A poster on the station promotes a JB Priestley evening, in honour of one of Bradford’s finest. Attractions, it says, include a free bet and “meat and potato pie brass band.” Priestley would have paled at the punctuation.

The football ground is in Manningham, a couple of miles from the city centre, overlooked by a large chimney – may a chimney be large? – said to be in the Victorian Italianate, lang-may-your-lum-reek style.

It was part of one of Samuel Cunliffe Lister’s silk mills, built in 1871 after the previous mill burned down and said at its peak to employ 11,000 men, women and children – though whether the employment was particularly gainful has been subject of much debate.

The Wharfedale Observer in 2007 ran a piece supposing Cunliffe Lister to be “head of a dynasty of union bashing mill owners.” He appeared impervious.

“The women spend their money on dress and the men on drink, so that the begging bowl goes around,” he wrote to another paper.

He was a remarkable man on any argument, industrial revolutionary and inventor of all manner, including the nip comb (which must not, on any account, be confused with nit comb) and a multi-millionaire.

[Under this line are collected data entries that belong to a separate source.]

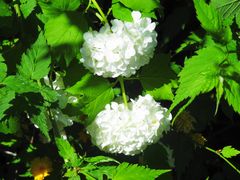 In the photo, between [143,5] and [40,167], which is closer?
[143,5]

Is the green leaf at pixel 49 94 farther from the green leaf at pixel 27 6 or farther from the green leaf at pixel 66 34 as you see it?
the green leaf at pixel 27 6

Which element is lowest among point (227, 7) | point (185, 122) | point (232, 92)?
point (185, 122)

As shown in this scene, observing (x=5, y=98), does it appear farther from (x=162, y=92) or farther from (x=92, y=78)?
(x=162, y=92)

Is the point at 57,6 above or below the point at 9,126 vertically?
above

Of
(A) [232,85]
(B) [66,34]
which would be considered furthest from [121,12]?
(A) [232,85]

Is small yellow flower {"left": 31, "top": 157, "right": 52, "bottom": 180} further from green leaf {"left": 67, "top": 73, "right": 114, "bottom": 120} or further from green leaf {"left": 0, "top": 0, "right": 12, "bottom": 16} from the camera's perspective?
green leaf {"left": 0, "top": 0, "right": 12, "bottom": 16}

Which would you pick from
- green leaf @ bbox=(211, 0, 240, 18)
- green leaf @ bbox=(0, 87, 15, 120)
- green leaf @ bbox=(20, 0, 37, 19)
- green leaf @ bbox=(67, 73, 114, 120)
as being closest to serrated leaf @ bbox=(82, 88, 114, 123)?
green leaf @ bbox=(67, 73, 114, 120) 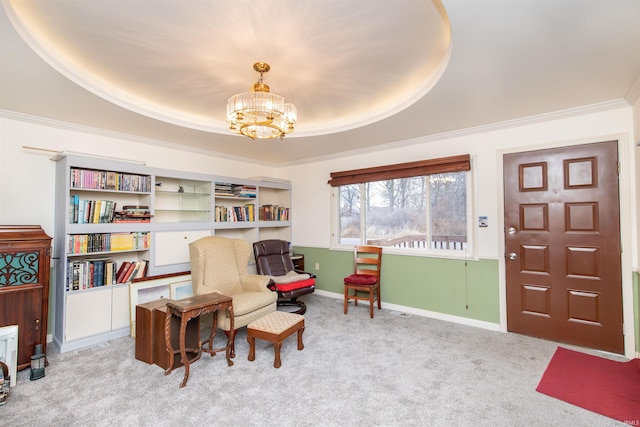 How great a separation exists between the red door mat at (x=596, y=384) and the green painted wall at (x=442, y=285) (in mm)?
828

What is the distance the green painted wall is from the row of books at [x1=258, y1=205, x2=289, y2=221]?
1.41 meters

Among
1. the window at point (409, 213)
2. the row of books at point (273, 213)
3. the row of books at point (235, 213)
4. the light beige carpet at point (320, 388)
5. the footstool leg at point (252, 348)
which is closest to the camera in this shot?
the light beige carpet at point (320, 388)

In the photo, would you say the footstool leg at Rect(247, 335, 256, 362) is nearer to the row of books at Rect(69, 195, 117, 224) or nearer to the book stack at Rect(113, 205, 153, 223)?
the book stack at Rect(113, 205, 153, 223)

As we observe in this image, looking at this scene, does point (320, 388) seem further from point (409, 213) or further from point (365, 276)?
point (409, 213)

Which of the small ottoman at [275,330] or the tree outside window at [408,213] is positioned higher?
the tree outside window at [408,213]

That the Independent Labour Party had its roots in Bradford is said not wholly to be coincidental.

Cunliffe Lister bought the Swinton Park estate at Masham, in North Yorkshire, and in 1892 became the 1st Baron Masham. His statue, a 2ft ruler across his chest, stands in the park bearing his name which he gave to the people of Bradford. Swinton Park is now an upmarket hotel, country club and spa.

Said on their website to be Bradford’s amateur football club, Campion lie third in the second tier of the Northern Counties East League – that of Swallownest, Ollerton Town and Nostell Miners Welfare. It’s the club’s first ever FA Vase game.

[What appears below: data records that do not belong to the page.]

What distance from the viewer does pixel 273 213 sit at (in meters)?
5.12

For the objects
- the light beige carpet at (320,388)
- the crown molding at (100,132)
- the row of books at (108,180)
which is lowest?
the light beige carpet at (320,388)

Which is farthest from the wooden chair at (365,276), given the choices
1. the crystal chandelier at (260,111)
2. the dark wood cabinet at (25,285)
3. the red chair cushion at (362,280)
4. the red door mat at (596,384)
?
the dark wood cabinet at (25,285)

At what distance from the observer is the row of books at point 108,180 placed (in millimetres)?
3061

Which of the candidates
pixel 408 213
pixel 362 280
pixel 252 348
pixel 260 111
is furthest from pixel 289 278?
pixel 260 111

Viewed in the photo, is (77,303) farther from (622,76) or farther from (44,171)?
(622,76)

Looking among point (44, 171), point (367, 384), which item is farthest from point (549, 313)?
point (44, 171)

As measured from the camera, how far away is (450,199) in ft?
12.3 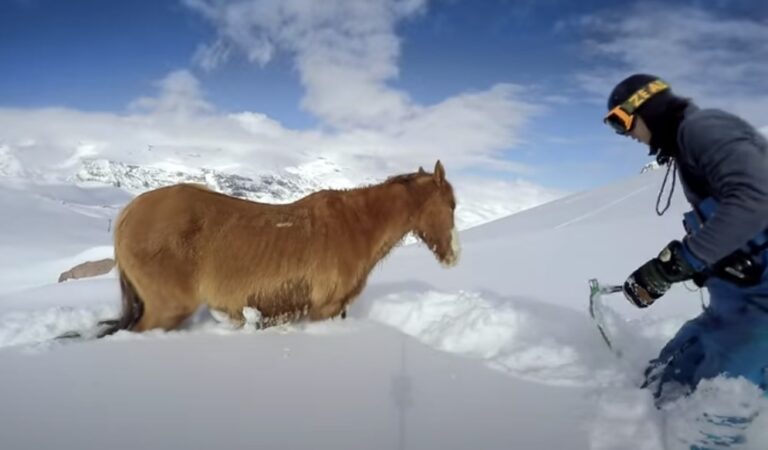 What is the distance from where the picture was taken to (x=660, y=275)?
2.50 metres

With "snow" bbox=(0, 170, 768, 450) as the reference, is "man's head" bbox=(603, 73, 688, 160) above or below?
above

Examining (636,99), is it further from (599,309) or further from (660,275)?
(599,309)

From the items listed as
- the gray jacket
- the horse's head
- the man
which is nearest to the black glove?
the man

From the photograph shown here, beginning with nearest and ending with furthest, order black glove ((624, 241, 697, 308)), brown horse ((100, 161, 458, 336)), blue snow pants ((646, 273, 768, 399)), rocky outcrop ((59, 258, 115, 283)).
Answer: blue snow pants ((646, 273, 768, 399))
black glove ((624, 241, 697, 308))
brown horse ((100, 161, 458, 336))
rocky outcrop ((59, 258, 115, 283))

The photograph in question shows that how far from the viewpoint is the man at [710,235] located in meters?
2.12

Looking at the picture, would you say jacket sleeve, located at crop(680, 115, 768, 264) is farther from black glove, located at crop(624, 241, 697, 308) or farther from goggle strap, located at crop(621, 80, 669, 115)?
goggle strap, located at crop(621, 80, 669, 115)

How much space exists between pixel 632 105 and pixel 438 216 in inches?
102

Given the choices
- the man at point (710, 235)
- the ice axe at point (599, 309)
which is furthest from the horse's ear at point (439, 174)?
the man at point (710, 235)

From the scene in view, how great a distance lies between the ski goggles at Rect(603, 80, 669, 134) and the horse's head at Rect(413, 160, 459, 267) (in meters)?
2.38

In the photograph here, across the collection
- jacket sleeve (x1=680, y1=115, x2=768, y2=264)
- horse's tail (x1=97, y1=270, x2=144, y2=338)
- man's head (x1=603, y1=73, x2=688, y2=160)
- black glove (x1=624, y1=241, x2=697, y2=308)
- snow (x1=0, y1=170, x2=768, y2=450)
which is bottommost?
snow (x1=0, y1=170, x2=768, y2=450)

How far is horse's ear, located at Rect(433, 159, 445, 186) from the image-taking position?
15.9ft

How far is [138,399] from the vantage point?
2.48 meters

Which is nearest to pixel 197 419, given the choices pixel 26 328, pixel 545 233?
pixel 26 328

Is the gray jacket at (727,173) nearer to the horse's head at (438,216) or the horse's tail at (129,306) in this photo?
the horse's head at (438,216) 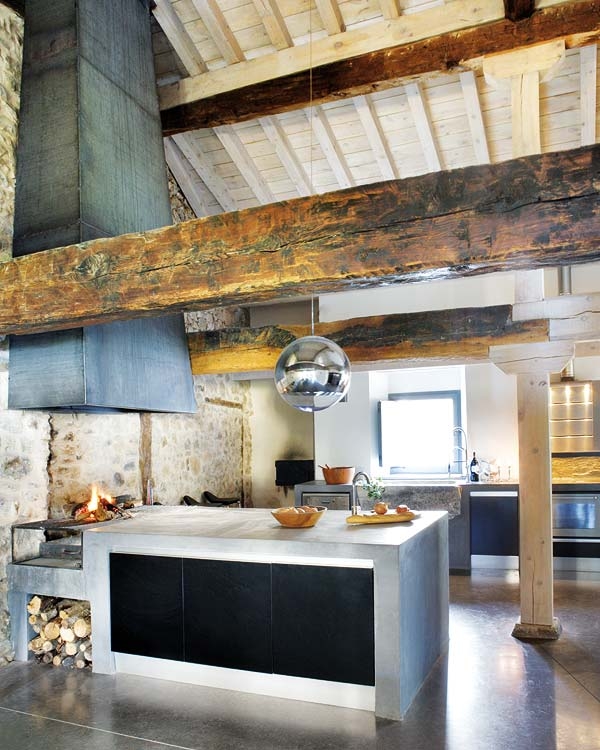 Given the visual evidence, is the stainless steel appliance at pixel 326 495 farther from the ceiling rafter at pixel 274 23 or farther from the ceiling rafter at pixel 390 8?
the ceiling rafter at pixel 390 8

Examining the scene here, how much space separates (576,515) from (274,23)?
547 centimetres

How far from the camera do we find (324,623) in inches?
141

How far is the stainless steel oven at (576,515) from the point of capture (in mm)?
6457

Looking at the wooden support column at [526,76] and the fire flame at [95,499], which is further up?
the wooden support column at [526,76]

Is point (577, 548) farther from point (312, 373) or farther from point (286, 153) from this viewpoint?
point (286, 153)

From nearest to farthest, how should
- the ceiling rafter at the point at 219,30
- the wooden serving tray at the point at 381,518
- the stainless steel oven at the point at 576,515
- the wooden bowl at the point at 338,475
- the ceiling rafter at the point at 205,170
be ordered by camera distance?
1. the wooden serving tray at the point at 381,518
2. the ceiling rafter at the point at 219,30
3. the ceiling rafter at the point at 205,170
4. the stainless steel oven at the point at 576,515
5. the wooden bowl at the point at 338,475

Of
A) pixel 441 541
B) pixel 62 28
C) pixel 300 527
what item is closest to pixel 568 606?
pixel 441 541

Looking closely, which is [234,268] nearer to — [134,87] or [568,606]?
[134,87]

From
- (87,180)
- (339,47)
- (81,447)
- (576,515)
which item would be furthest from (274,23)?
(576,515)

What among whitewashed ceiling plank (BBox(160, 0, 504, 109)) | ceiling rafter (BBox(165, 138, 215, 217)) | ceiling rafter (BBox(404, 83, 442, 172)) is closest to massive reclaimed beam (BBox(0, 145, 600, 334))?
whitewashed ceiling plank (BBox(160, 0, 504, 109))

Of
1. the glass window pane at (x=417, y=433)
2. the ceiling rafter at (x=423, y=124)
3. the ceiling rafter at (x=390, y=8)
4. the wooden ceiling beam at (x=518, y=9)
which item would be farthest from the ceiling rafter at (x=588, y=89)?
the glass window pane at (x=417, y=433)

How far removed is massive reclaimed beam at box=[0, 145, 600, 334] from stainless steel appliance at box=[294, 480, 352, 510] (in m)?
4.40

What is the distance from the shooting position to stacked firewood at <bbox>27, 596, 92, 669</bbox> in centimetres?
430

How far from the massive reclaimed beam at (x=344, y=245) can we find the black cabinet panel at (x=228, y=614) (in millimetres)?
1736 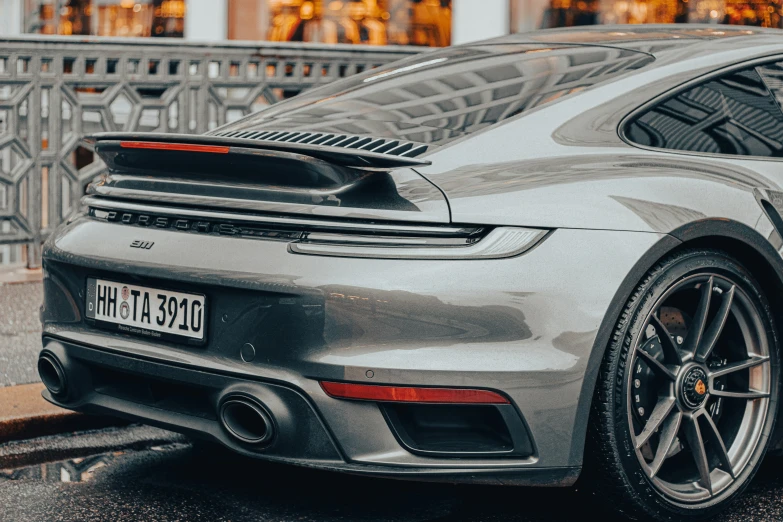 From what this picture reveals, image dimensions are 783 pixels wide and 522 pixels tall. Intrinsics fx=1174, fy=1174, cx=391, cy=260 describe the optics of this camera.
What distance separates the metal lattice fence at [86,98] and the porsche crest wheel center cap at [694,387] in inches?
192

The Terriers, conversely, have a pedigree, reaching the final at Wembley in 1999 and in the same season thrashing Colchester United 5-1 in the FA Cup first round before narrowly losing at Scunthorpe in the second.

Now they’re in the Ebac Northern League second division, fortunes declined somewhat but briefly in the global spotlight a few years back when American cookie king Bob Rich was given Bedlington’s manorial rights as a birthday present from his wife and took a trans-Atlantic interest in the club.

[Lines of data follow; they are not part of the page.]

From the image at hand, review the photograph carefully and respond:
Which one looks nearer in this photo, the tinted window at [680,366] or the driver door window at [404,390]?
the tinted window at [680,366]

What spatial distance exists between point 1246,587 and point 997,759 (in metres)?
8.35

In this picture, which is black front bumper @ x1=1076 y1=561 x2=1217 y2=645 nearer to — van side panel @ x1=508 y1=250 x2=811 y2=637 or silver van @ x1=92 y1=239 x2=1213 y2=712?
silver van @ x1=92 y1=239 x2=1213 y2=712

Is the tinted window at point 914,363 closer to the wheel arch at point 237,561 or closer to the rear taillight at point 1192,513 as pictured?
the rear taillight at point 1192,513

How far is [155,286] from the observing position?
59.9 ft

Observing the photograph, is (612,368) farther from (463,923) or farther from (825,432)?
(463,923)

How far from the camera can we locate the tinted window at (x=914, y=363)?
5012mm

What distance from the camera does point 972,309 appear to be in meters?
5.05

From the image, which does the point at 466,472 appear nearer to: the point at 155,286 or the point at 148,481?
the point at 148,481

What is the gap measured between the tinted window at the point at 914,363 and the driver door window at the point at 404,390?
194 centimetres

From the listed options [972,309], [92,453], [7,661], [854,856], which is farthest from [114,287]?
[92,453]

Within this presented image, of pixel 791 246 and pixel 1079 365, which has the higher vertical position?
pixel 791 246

Rich pickings were not perhaps as great as some had hoped. He is no longer involved.

The programme reveals something hitherto unrecognised: the FA is not only in cahoots with a group called Colour Blindness Awareness but is actively trying to see how it can help.

A poster is headed “When you’re seeing red, are you sure it’s not green, or black?” FA chief executive Martin Glenn warns that any club failing to acknowledge the issue under the Equality Act 2010 “does so at their own risk.”

It incorrigibly recalls the day that the column’s ever-patient optician made an unsurprising discovery. “Oh,” she said, “you’re colour blind as well.”

Campion are in red, or something, Bedlington in blue. Though Bradford City are away, the crowd appears to be little more than fifty, many of them bearing the word “Coach” on their trackie backs and most sheltering beneath a scaffold-pole stand. At five past three it’s so wet and so murky that the ref asks for the floodlights to be switched on.

The first half’s largely uneventful. The kids entertain themselves with a puddle jumping competition instead.

In truth most of the crowd may be in the respective technical areas. Though FA rules stipulate a maximum of two standing occupants, these guys appear to have read the report earlier in the week of 48 folk in a VW camper van and are attempting something similar.

Jack Foallie gives Bedlington a first half lead, cancelled out near the end but with the game’s last kick hits the visitors’ winner. Terriers jubilant, Campion’s dethroned.